To solve the problem, we need to calculate the angular position of the 9th maximum in a double-slit interference pattern. We'll use the formula for the angular position of the maxima:
\[ \theta_n = \frac{n \lambda}{d} \]
where:
- \( \theta_n \) is the angular position of the nth maximum.
- \( n \) is the order of the maximum (for the 9th maximum, \( n = 9 \)).
- \( \lambda \) is the wavelength of the light.

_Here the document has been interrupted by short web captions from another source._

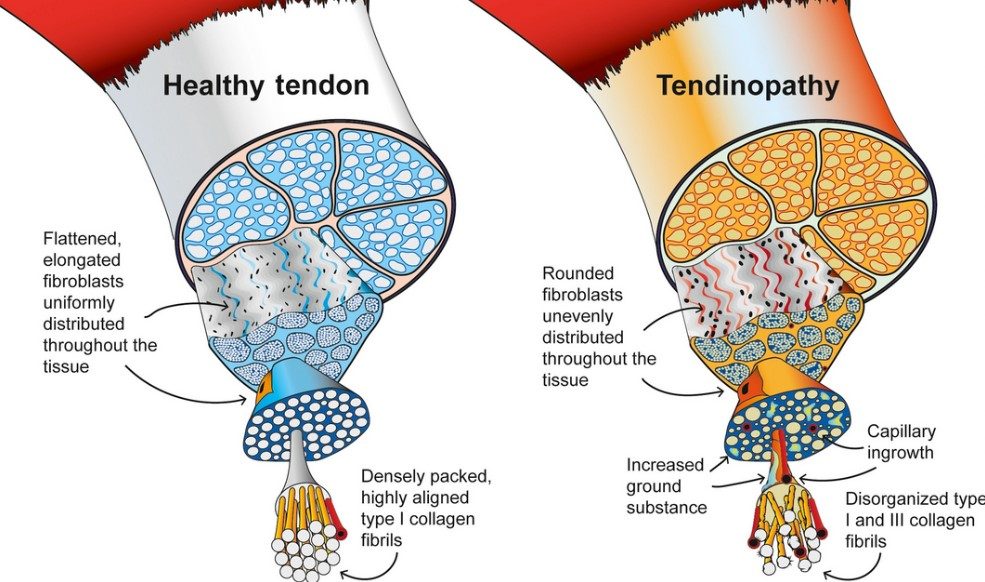 TENDINOPATHY2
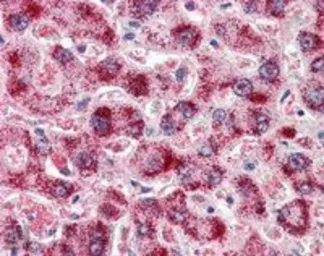 Anti-Catalase antibody, Internal used in IHC (Paraffin sections) (IHC-P). GTX89332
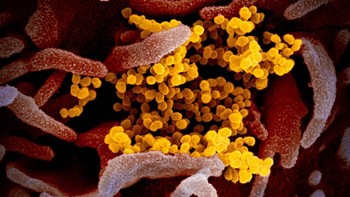 Gambar-gambar ini dibuat menggunakan pemindaian dan transmisi elektron mikroskop. Foto: National Institute of Allergy and Infectious Diseases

- \( d \) is the distance between the slits.
Given:
- \( \lambda = 6000 \) Å = \( 6000 \times 10^{-10} \) m
- \( d = 0.1 \) cm = \( 0.1 \times 10^{-2} \) m = \( 1 \times 10^{-3} \) m
- \( n = 9 \)
Now, we can substitute these values into the formula:
\[ \theta_9 = \frac{9 \times 6000 \times 10^{-10} \text{ m}}{1 \times 10^{-3} \text{ m}} \]
\[ \theta_9 = \frac{9 \times 6000 \times 10^{-10}}{1 \times 10^{-3}} \]
\[ \theta_9 = \frac{54000 \times 10^{-10}}{10^{-3}} \]
\[ \theta_9 = 54000 \times 10^{-7} \]
\[ \theta_9 = 5.4 \times 10^{-3} \text{ radians} \]
So, the angular position of the 9th maximum is \( 5.4 \times 10^{-3} \) radians.